Brasil e EUA terão primeiro encontro presencial sobre tarifaço
Por Leonardo Lucena — Brasil 247
247 – Representantes dos governos Lula e Donald Trump realizarão entre 30 de setembro e 1º de outubro o primeiro encontro presencial desde a retomada das negociações sobre o tarifaço. A reunião acontecerá nos Estados Unidos, de acordo com o ministro do Desenvolvimento, Indústria, Comércio e Serviços, Márcio Elias Rosa. O titular da pasta informou que o chanceler Mauro Vieira e Jamieson Greer, representante comercial dos EUA, também participarão das conversas.
“As equipes técnicas do governo brasileiro e do USTR vêm conversando normalmente e trocando documentos”, afirmou Márcio Elias Rosa ao G1. A sigla mencionada pelo ministro é uma referência a United States Trade Representative, ou Representante Comercial dos EUA, em português.
No período marcado para a reunião também haverá encontros preparatórios do G20, nos EUA. “Há uma reunião do G20 programada para o dia 30 de setembro e 1º de outubro lá nos Estados Unidos e a expectativa tanto nossa quanto do USTR é que nós façamos uma reunião presencial lá”, disse Elias Rosa.

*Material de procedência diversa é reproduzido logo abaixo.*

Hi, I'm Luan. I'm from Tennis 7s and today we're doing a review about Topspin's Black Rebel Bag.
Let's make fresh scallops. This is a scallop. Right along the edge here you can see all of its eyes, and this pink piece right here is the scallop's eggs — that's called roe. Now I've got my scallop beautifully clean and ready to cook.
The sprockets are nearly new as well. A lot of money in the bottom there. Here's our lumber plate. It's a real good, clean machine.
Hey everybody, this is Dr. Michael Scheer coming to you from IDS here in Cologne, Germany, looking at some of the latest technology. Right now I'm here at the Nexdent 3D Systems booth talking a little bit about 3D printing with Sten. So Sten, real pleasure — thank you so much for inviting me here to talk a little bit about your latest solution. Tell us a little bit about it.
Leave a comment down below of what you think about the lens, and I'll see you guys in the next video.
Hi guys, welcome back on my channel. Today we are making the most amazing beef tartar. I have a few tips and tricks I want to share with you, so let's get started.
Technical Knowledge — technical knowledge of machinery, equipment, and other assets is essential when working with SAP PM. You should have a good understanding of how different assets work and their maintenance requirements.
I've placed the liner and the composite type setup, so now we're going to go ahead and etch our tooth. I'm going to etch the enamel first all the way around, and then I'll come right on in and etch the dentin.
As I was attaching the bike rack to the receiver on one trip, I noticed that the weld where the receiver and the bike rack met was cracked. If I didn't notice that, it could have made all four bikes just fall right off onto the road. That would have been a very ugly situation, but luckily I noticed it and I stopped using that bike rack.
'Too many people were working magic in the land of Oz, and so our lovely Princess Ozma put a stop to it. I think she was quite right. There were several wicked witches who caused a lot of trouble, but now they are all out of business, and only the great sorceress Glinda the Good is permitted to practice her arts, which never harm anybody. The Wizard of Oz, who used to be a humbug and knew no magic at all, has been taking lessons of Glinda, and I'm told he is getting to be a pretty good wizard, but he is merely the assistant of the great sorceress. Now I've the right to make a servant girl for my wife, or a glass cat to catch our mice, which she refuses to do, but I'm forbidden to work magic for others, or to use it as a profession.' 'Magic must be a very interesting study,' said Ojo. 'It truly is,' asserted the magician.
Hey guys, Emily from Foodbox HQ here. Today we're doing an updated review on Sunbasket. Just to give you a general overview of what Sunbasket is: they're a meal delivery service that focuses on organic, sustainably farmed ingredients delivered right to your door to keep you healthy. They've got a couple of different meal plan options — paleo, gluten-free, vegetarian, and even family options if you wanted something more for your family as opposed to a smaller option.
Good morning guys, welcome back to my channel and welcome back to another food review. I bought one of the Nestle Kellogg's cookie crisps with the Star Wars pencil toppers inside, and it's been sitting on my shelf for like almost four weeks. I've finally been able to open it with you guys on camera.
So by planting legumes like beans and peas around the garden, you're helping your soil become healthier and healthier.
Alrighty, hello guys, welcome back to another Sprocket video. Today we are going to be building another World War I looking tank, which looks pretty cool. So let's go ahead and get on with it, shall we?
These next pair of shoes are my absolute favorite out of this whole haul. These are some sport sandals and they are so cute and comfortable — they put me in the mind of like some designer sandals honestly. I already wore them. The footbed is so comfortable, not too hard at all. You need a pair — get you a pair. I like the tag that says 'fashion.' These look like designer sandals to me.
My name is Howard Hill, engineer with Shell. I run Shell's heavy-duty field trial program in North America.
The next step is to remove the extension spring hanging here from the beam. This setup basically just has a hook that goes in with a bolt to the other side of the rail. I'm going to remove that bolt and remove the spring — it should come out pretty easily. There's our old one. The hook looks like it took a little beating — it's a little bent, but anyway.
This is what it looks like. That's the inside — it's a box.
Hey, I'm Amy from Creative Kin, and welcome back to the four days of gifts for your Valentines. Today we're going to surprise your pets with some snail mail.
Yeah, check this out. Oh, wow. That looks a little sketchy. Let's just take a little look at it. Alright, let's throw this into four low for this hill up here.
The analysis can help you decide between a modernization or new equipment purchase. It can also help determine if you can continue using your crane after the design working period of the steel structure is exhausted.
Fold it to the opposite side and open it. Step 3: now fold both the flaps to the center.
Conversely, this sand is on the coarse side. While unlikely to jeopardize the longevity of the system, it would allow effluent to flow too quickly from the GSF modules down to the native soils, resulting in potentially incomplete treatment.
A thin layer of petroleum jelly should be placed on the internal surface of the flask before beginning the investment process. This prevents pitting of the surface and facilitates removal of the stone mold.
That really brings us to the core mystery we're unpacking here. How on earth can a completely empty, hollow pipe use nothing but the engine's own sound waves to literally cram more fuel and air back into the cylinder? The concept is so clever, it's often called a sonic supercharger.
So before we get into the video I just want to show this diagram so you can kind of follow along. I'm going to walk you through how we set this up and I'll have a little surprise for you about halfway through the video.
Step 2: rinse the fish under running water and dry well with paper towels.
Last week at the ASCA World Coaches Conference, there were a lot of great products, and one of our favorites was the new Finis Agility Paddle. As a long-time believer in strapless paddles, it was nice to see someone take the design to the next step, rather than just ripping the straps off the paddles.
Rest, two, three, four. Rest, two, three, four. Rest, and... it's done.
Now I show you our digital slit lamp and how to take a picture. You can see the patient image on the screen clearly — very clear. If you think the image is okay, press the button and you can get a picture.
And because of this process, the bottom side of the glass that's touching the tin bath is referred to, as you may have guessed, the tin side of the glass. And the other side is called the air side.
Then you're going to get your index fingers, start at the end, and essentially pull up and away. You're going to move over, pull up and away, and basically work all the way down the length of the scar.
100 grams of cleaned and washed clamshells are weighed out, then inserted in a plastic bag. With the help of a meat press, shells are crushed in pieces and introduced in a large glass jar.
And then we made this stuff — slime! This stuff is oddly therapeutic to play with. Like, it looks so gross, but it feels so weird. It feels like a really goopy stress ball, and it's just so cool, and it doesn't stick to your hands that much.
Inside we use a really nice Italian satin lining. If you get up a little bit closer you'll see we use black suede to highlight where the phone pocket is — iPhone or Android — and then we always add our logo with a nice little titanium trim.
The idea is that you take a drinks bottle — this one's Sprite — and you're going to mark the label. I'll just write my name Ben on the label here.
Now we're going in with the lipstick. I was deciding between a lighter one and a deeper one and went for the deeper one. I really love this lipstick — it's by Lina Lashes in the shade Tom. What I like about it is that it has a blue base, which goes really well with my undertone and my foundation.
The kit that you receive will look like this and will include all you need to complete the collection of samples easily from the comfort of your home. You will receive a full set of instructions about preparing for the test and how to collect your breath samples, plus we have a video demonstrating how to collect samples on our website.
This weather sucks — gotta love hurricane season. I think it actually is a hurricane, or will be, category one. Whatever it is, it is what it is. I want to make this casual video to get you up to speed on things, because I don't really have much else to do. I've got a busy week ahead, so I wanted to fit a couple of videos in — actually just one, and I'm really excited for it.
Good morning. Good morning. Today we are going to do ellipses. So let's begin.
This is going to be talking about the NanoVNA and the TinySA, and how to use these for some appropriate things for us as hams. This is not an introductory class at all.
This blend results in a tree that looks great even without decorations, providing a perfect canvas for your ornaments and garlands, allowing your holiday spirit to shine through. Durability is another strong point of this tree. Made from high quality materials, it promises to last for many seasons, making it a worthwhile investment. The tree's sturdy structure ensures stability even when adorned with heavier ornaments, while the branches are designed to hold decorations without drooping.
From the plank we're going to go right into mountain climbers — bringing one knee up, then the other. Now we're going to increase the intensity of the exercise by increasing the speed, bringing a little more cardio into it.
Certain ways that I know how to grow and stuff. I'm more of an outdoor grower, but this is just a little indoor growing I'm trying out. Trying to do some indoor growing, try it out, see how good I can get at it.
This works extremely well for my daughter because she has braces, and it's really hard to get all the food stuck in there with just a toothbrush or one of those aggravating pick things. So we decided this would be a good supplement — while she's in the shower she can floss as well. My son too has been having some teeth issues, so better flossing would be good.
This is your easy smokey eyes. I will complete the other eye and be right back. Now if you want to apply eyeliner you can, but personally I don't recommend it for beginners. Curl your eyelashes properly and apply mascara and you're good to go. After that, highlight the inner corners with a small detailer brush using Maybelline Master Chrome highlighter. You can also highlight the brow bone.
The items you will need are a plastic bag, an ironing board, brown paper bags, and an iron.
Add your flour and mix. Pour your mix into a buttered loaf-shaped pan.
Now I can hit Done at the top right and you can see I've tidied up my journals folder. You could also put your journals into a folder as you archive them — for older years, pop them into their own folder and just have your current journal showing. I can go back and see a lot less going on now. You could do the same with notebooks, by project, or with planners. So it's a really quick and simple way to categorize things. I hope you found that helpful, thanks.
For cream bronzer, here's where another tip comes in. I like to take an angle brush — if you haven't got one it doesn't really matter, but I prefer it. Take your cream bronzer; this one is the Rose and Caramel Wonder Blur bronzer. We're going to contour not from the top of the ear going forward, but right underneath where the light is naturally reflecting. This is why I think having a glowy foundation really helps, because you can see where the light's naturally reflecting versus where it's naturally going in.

“O ministro Mauro Vieira e eu iremos para Milwaukee e lá nós teremos um encontro muito provavelmente com o embaixador Greer, do USTR”, acrescentou o titular do MDIC.
A reunião prevista para o final de setembro será a primeira presencial entre representantes dos dois países desde que Brasília e Washington retomaram as tratativas sobre o tarifaço.
Márcio Elias Rosa e Greer já haviam discutido o assunto por videoconferência em agosto. Desde então, segundo o ministro, técnicos brasileiros mantêm contato com a equipe do USTR. As conversas continuaram nas semanas seguintes ao encontro virtual e envolveram o intercâmbio de documentos entre os dois governos.
Guerra comercial dos EUA
Em 2026, os EUA anunciaram duas rodadas de tarifas contra o Brasil, uma de 25% e outra de 12,5%. A escalada comercial ocorreu em meio à condenação de Jair Bolsonaro (PL) por ministros do Supremo Tribunal Federal. O ex-mandatário recebeu pena de 27 anos de prisão no processo sobre a trama golpista. Outras 28 pessoas também foram condenadas.
As decisões do governo Trump também fazem parte de uma reação à orientação da política externa brasileira, marcada por maior aproximação com a China, os BRICS e o Sul Global. Essas três frentes representam desafios à hegemonia dos Estados Unidos na economia internacional.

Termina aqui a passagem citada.